## Brief
In this exercise, the entries below are to be transcribed exactly, line by line.

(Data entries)

'''

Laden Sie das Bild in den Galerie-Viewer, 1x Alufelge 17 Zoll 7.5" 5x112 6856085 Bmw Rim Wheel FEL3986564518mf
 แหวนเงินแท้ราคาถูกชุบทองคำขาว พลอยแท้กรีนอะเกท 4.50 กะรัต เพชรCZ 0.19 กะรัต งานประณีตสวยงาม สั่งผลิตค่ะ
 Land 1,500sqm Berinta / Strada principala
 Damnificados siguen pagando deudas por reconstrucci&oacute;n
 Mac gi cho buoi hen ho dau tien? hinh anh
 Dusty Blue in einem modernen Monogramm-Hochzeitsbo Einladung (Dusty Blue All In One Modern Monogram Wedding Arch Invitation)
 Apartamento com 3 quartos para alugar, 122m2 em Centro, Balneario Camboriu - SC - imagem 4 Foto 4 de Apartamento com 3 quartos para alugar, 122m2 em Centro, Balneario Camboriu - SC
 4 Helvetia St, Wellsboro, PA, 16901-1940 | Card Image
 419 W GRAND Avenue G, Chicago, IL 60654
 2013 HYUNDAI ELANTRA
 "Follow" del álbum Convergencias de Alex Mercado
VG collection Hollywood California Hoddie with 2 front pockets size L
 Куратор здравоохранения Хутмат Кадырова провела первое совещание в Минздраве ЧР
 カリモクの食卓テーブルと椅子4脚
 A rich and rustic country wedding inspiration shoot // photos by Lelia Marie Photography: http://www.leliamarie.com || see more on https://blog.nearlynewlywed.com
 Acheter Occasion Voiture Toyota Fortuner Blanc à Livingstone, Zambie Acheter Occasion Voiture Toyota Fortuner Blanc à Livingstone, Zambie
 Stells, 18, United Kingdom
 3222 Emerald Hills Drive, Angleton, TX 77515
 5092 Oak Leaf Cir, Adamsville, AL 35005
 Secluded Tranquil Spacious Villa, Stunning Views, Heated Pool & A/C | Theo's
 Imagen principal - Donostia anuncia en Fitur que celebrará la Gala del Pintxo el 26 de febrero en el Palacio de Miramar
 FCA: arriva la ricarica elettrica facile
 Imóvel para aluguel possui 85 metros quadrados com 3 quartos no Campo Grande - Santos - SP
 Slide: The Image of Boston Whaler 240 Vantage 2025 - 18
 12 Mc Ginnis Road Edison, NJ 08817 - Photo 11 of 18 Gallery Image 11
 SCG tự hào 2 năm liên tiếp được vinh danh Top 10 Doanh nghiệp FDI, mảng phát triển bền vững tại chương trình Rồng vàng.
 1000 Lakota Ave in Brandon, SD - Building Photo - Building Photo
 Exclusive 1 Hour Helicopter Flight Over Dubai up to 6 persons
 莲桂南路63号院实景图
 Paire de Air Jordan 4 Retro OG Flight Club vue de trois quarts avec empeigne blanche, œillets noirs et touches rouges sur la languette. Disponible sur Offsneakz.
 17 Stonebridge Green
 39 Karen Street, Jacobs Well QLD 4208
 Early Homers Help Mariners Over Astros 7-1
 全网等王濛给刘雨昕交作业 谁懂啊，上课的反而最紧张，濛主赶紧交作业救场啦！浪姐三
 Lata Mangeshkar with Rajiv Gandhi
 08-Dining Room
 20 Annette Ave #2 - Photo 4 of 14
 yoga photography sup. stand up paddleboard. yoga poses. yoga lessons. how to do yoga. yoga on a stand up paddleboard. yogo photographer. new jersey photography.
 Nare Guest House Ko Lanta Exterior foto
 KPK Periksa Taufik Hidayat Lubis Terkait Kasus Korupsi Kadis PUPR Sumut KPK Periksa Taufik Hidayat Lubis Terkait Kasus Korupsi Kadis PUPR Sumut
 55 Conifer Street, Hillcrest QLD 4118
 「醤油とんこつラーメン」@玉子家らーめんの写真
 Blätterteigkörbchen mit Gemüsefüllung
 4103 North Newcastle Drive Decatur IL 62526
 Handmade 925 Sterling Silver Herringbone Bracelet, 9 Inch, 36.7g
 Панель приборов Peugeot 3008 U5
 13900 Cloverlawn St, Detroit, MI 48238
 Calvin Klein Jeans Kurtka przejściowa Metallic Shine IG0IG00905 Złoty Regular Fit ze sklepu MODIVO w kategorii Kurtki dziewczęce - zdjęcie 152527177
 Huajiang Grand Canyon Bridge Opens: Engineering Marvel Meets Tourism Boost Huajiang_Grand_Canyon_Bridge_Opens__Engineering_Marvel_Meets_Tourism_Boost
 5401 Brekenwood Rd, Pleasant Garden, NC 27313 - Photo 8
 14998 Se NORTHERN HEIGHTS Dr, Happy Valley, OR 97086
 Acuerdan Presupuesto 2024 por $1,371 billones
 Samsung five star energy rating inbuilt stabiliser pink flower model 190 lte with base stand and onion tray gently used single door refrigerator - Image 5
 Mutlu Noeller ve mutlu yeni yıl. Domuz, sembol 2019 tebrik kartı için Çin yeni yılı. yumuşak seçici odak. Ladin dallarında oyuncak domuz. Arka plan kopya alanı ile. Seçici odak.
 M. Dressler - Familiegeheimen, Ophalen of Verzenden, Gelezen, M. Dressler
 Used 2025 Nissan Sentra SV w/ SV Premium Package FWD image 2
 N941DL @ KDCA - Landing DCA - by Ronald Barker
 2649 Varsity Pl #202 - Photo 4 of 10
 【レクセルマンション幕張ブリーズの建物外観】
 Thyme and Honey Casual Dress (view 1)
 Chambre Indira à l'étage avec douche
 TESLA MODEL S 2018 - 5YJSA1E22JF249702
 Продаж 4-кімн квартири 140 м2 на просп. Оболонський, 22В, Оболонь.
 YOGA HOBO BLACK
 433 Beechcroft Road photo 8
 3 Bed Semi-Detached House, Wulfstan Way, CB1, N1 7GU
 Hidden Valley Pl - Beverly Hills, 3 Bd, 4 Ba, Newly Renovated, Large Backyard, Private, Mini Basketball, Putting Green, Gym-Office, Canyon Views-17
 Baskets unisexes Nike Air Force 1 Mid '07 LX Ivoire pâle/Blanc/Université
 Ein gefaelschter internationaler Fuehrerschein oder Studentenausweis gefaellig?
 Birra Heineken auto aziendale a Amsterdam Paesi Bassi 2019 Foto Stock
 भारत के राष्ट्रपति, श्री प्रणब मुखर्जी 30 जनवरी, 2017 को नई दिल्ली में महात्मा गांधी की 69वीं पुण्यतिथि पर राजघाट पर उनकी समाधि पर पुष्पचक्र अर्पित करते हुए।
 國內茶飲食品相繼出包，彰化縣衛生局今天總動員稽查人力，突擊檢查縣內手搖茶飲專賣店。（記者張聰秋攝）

'''

## Written response
Laden Sie das Bild in den Galerie-Viewer, 1x Alufelge 17 Zoll 7.5" 5x112 6856085 Bmw Rim Wheel FEL3986564518mf
 แหวนเงินแท้ราคาถูกชุบทองคำขาว พลอยแท้กรีนอะเกท 4.50 กะรัต เพชรCZ 0.19 กะรัต งานประณีตสวยงาม สั่งผลิตค่ะ
 Land 1,500sqm Berinta / Strada principala
 Damnificados siguen pagando deudas por reconstrucci&oacute;n
 Mac gi cho buoi hen ho dau tien? hinh anh
 Dusty Blue in einem modernen Monogramm-Hochzeitsbo Einladung (Dusty Blue All In One Modern Monogram Wedding Arch Invitation)
 Apartamento com 3 quartos para alugar, 122m2 em Centro, Balneario Camboriu - SC - imagem 4 Foto 4 de Apartamento com 3 quartos para alugar, 122m2 em Centro, Balneario Camboriu - SC
 4 Helvetia St, Wellsboro, PA, 16901-1940 | Card Image
 419 W GRAND Avenue G, Chicago, IL 60654
 2013 HYUNDAI ELANTRA
 "Follow" del álbum Convergencias de Alex Mercado
VG collection Hollywood California Hoddie with 2 front pockets size L
 Куратор здравоохранения Хутмат Кадырова провела первое совещание в Минздраве ЧР
 カリモクの食卓テーブルと椅子4脚
 A rich and rustic country wedding inspiration shoot // photos by Lelia Marie Photography: http://www.leliamarie.com || see more on https://blog.nearlynewlywed.com
 Acheter Occasion Voiture Toyota Fortuner Blanc à Livingstone, Zambie Acheter Occasion Voiture Toyota Fortuner Blanc à Livingstone, Zambie
 Stells, 18, United Kingdom
 3222 Emerald Hills Drive, Angleton, TX 77515
 5092 Oak Leaf Cir, Adamsville, AL 35005
 Secluded Tranquil Spacious Villa, Stunning Views, Heated Pool & A/C | Theo's
 Imagen principal - Donostia anuncia en Fitur que celebrará la Gala del Pintxo el 26 de febrero en el Palacio de Miramar
 FCA: arriva la ricarica elettrica facile
 Imóvel para aluguel possui 85 metros quadrados com 3 quartos no Campo Grande - Santos - SP
 Slide: The Image of Boston Whaler 240 Vantage 2025 - 18
 12 Mc Ginnis Road Edison, NJ 08817 - Photo 11 of 18 Gallery Image 11
 SCG tự hào 2 năm liên tiếp được vinh danh Top 10 Doanh nghiệp FDI, mảng phát triển bền vững tại chương trình Rồng vàng.
 1000 Lakota Ave in Brandon, SD - Building Photo - Building Photo
 Exclusive 1 Hour Helicopter Flight Over Dubai up to 6 persons
 莲桂南路63号院实景图
 Paire de Air Jordan 4 Retro OG Flight Club vue de trois quarts avec empeigne blanche, œillets noirs et touches rouges sur la languette. Disponible sur Offsneakz.
 17 Stonebridge Green
 39 Karen Street, Jacobs Well QLD 4208
 Early Homers Help Mariners Over Astros 7-1
 全网等王濛给刘雨昕交作业 谁懂啊，上课的反而最紧张，濛主赶紧交作业救场啦！浪姐三
 Lata Mangeshkar with Rajiv Gandhi
 08-Dining Room
 20 Annette Ave #2 - Photo 4 of 14
 yoga photography sup. stand up paddleboard. yoga poses. yoga lessons. how to do yoga. yoga on a stand up paddleboard. yogo photographer. new jersey photography.
 Nare Guest House Ko Lanta Exterior foto
 KPK Periksa Taufik Hidayat Lubis Terkait Kasus Korupsi Kadis PUPR Sumut KPK Periksa Taufik Hidayat Lubis Terkait Kasus Korupsi Kadis PUPR Sumut
 55 Conifer Street, Hillcrest QLD 4118
 「醤油とんこつラーメン」@玉子家らーめんの写真
 Blätterteigkörbchen mit Gemüsefüllung
 4103 North Newcastle Drive Decatur IL 62526
 Handmade 925 Sterling Silver Herringbone Bracelet, 9 Inch, 36.7g
 Панель приборов Peugeot 3008 U5
 13900 Cloverlawn St, Detroit, MI 48238
 Calvin Klein Jeans Kurtka przejściowa Metallic Shine IG0IG00905 Złoty Regular Fit ze sklepu MODIVO w kategorii Kurtki dziewczęce - zdjęcie 152527177
 Huajiang Grand Canyon Bridge Opens: Engineering Marvel Meets Tourism Boost Huajiang_Grand_Canyon_Bridge_Opens__Engineering_Marvel_Meets_Tourism_Boost
 5401 Brekenwood Rd, Pleasant Garden, NC 27313 - Photo 8
 14998 Se NORTHERN HEIGHTS Dr, Happy Valley, OR 97086
 Acuerdan Presupuesto 2024 por $1,371 billones
 Samsung five star energy rating inbuilt stabiliser pink flower model 190 lte with base stand and onion tray gently used single door refrigerator - Image 5
 Mutlu Noeller ve mutlu yeni yıl. Domuz, sembol 2019 tebrik kartı için Çin yeni yılı. yumuşak seçici odak. Ladin dallarında oyuncak domuz. Arka plan kopya alanı ile. Seçici odak.
 M. Dressler - Familiegeheimen, Ophalen of Verzenden, Gelezen, M. Dressler
 Used 2025 Nissan Sentra SV w/ SV Premium Package FWD image 2
 N941DL @ KDCA - Landing DCA - by Ronald Barker
 2649 Varsity Pl #202 - Photo 4 of 10
 【レクセルマンション幕張ブリーズの建物外観】
 Thyme and Honey Casual Dress (view 1)
 Chambre Indira à l'étage avec douche
 TESLA MODEL S 2018 - 5YJSA1E22JF249702
 Продаж 4-кімн квартири 140 м2 на просп. Оболонський, 22В, Оболонь.
 YOGA HOBO BLACK
 433 Beechcroft Road photo 8
 3 Bed Semi-Detached House, Wulfstan Way, CB1, N1 7GU
 Hidden Valley Pl - Beverly Hills, 3 Bd, 4 Ba, Newly Renovated, Large Backyard, Private, Mini Basketball, Putting Green, Gym-Office, Canyon Views-17
 Baskets unisexes Nike Air Force 1 Mid '07 LX Ivoire pâle/Blanc/Université
 Ein gefaelschter internationaler Fuehrerschein oder Studentenausweis gefaellig?
 Birra Heineken auto aziendale a Amsterdam Paesi Bassi 2019 Foto Stock
 भारत के राष्ट्रपति, श्री प्रणब मुखर्जी 30 जनवरी, 2017 को नई दिल्ली में महात्मा गांधी की 69वीं पुण्यतिथि पर राजघाट पर उनकी समाधि पर पुष्पचक्र अर्पित करते हुए।
 國內茶飲食品相繼出包，彰化縣衛生局今天總動員稽查人力，突擊檢查縣內手搖茶飲專賣店。（記者張聰秋攝）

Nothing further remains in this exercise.